Slow Summits represents arguably their most lovelorn, and occasionally exploratory collection of songs to date. While not brash or boisterous like debut long player Up For A Bit... and its predecessor Sittin' Pretty, Slow Summits is everything one would hope and expect to hear from a band cited as an influence by anyone and everyone from Kurt Cobain and Stuart Murdoch to Bobby Gillespie and Thurston Moore. The Pastels were never ones to scream bold statements of intent to the heavens. Instead, their approach is infinitely more subtle yet no less unwittingly aimed in the direction of the stars; the ones that twinkle and glisten radiantly rather than shoot violently across the stratospheres.
Two Sunsets, their 2009 collaboration with Japanese duo Tenniscoats hinted at a more fragile, and often poignant melancholia. Here, observational asides ("Leaves falling on a European street") sit hand in hand with lovelorn ripostes ("I could never say goodbye") as on opening couplet 'Secret Music' and 'Don't Wait'. While the two main protagonists share lead vocals, it's the arrangements that lift each of Slow Summits' nine pieces from dormitory musings to grandiose, solipsistic laments.
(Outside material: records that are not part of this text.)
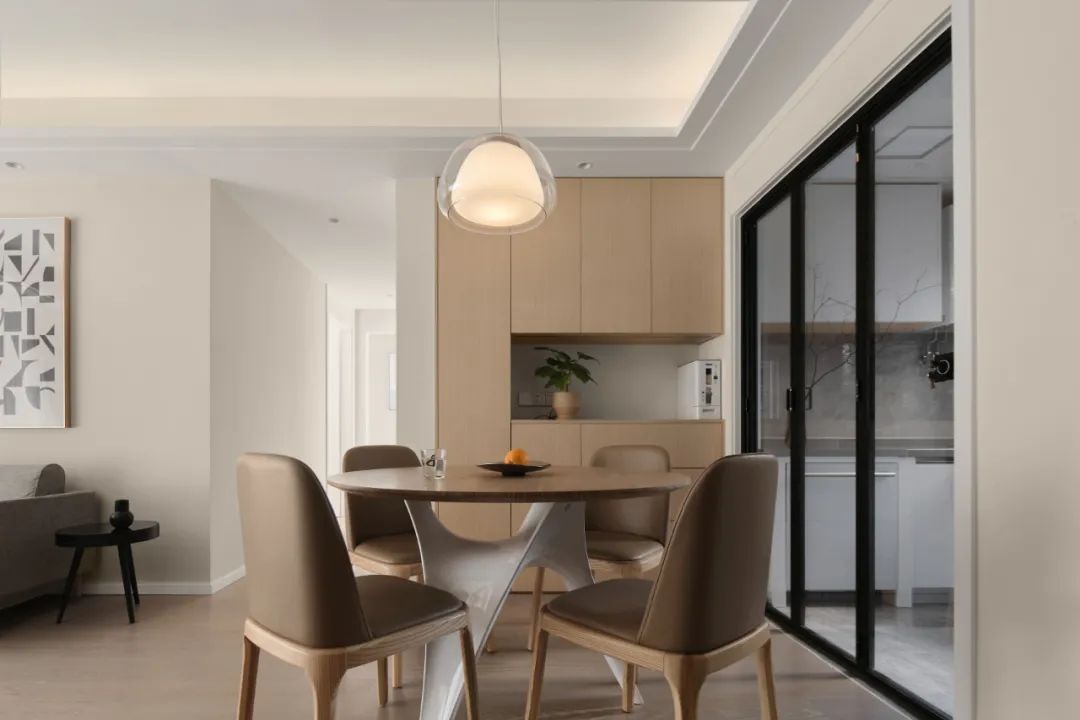 這套房子目前主要是我和老公兩個人住，三居對于未來的我們來說是剛需，希望舒適和簡約的同時不失溫馨與實用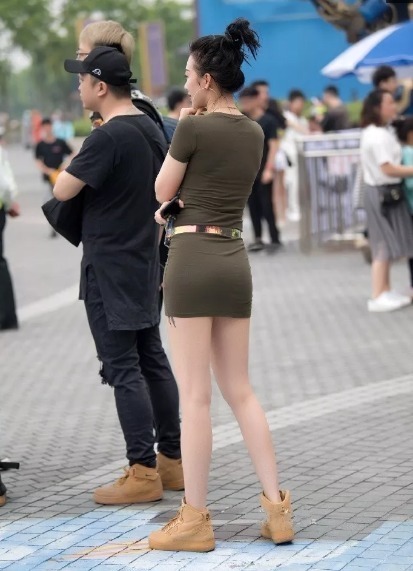 紧身|小姐姐穿着紧身连衣裙，既性感又时尚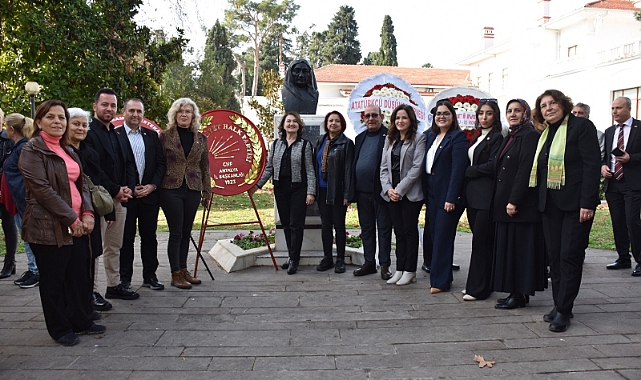 Cumhuriyet Kadınlarından Zübeyde Hanım'a Anlamlı Anma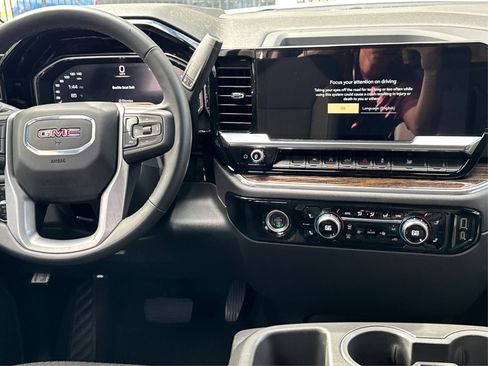 Used 2024 GMC Sierra 1500 Elevation image 19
Recent single 'Check My Heart' could be the sound of summer as soundtracked by a modern day Phil Spector while penultimate number 'Slowly Taking Place' takes quaint to a whole new orchestral dimension. The sentiment behind 'Summer Rain' may be more appropriate at present, Stephen Pastel's nonchalant vocal sounding prophetic over its maudlin backdrop.
Reflective instrumental 'Plus You' could double up as the closing titles segment for a period drama set in the northern countryside. Clocking in at 11 seconds short of three minutes, its midpoint placing separates Slow Summits into two distinct halves. Picking up the pace albeit amidst a darker undertone is 'The Wrong Light', which lollops and frolics unnervingly, Pastel declaring "We're shadows of the night" in mischievous fashion.
And so it goes. Nothing unduly groundbreaking here, yet at the same time always brutally refreshing. Which pretty much sums up indie pop's last standing bastions. Long live The Pastels; the world would be a much lesser place without them.